Empire and Science Fiction
According to Roberts, not only did science fiction develop in the time of technological progress but also coincided during the time of Empire especially in Britain. Roberts argues that the experience of Empire highlighted the experience of otherness in relation of the conquerer to the conquered and colonized peoples. But being an Empire, feelings and ideas of otherness was diverted towards assimilation. (Roberts, 65) But works like “The War of the Worlds” reflect the anxieties of the British Empire and later on, with works like “Starship Troopers,” by the United States.

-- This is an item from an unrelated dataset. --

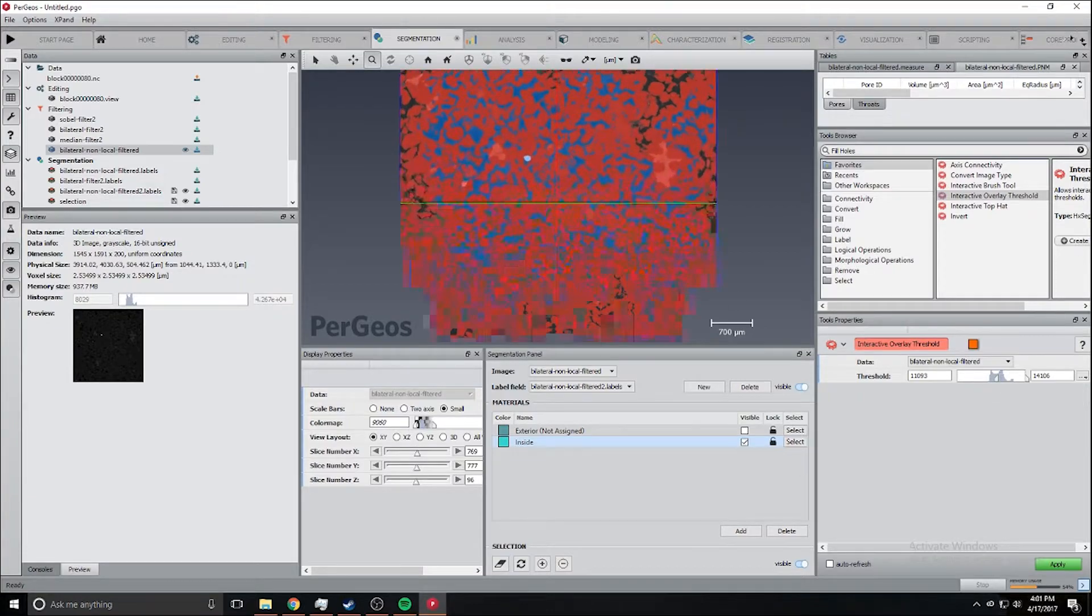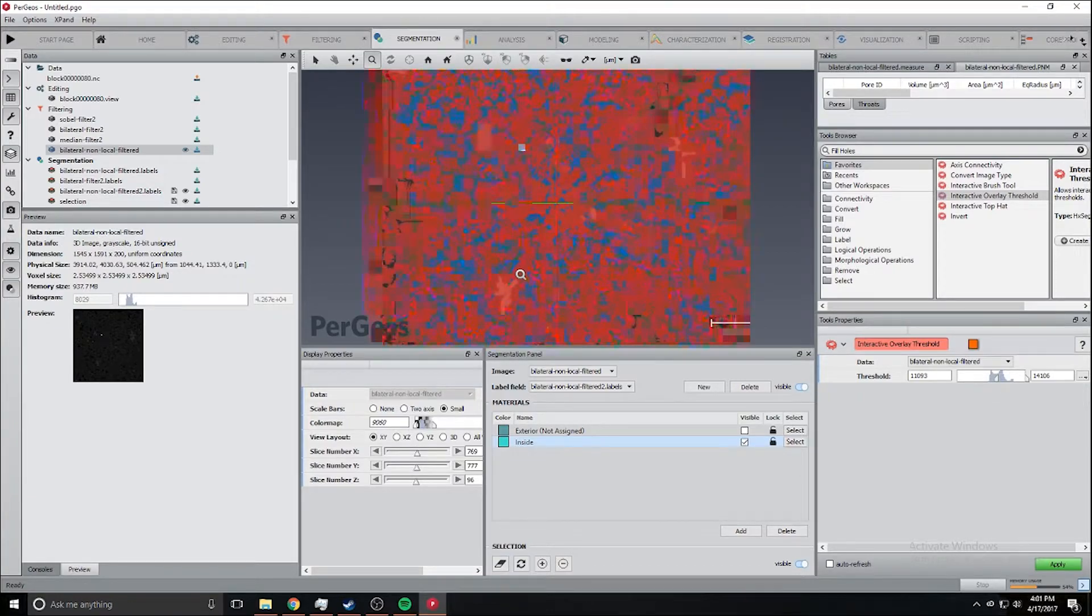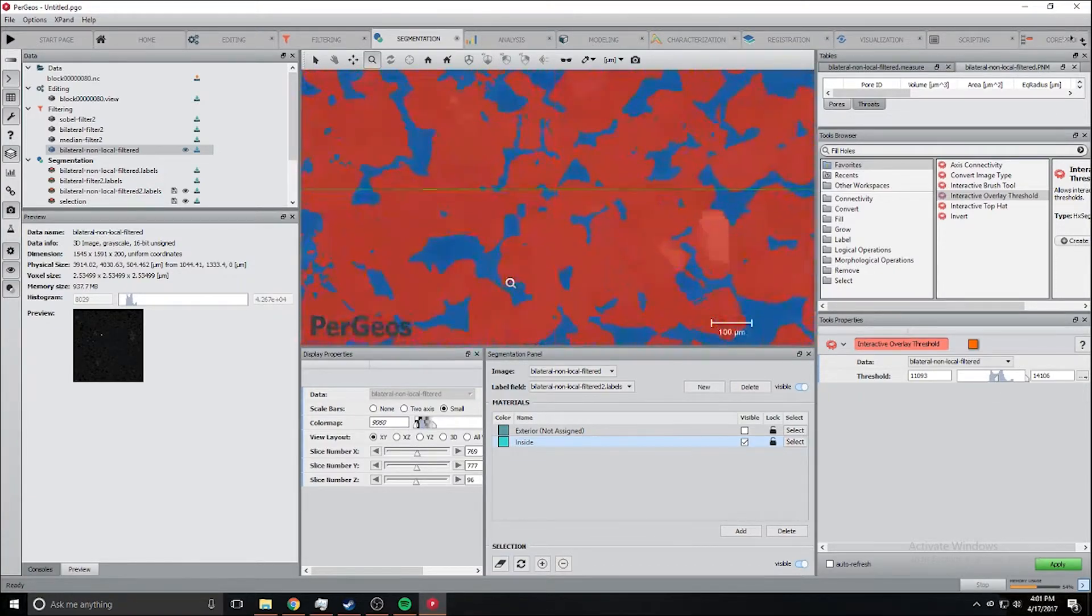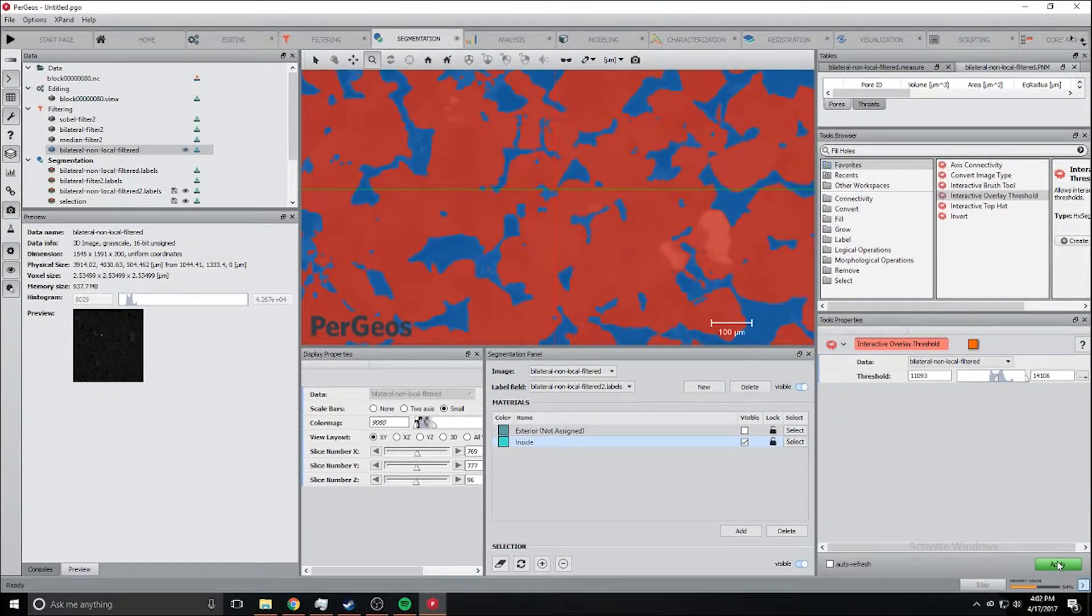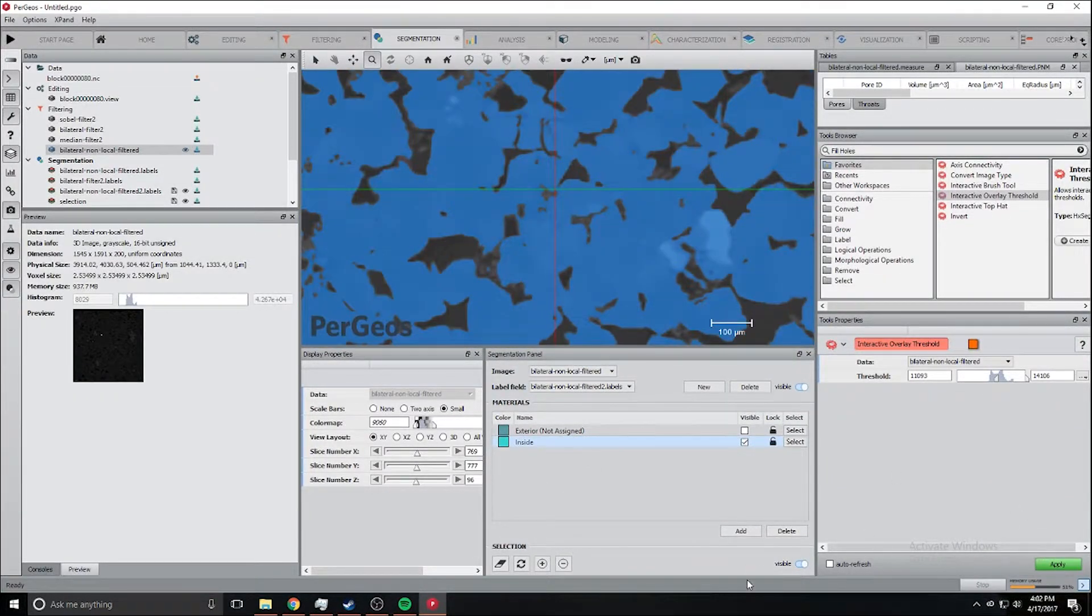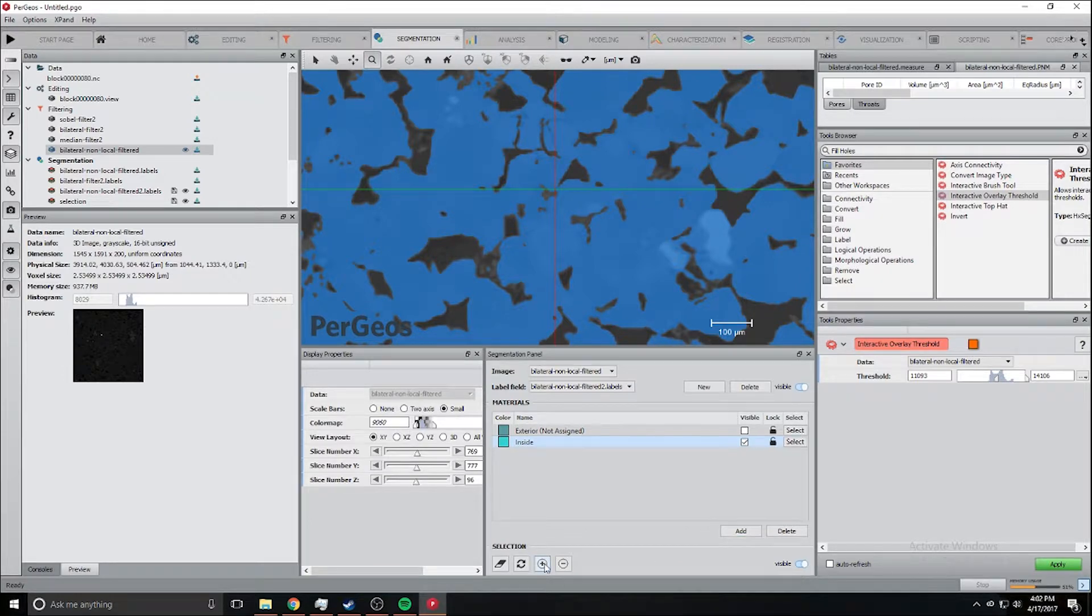Zoom to range. That looks better and we're going to click apply. That looks good and we're just going to add that to the inside.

But “The Apollo Centennial” reflects not the otherness felt by an Empire but the otherness felt by a Colony. As centuries of colonial experience can attest, the Colony and the Colonizer always acknowledge the relationship that they have but their is always an underlying dissociation and distance. The fact that Brillantes appropriated the science fiction genre acknowledges the Philippines’ relation with the US. But the content and story that he created also reflects the realities of that relationship. That the disparity in technology has created a heirarchy between nations and the single-minded pursuit of progress is completely dissociated with the realities of poor and marginalized communities.
References:
Brillantes, Gregorio, “The Apollo Centennial,” On a Perfect Day in November Shortly Before the Millenium: Stories for a Quarter Century. Pasig City: Anvil Publishing, Inc., 2000. p. 283-293.
Landon, Brooks, Science Fiction After 1900: From the Steam Man to the Stars. London: Routledge, 1997.
Roberts, Adam, Science Fiction. London: Routledge, 2000.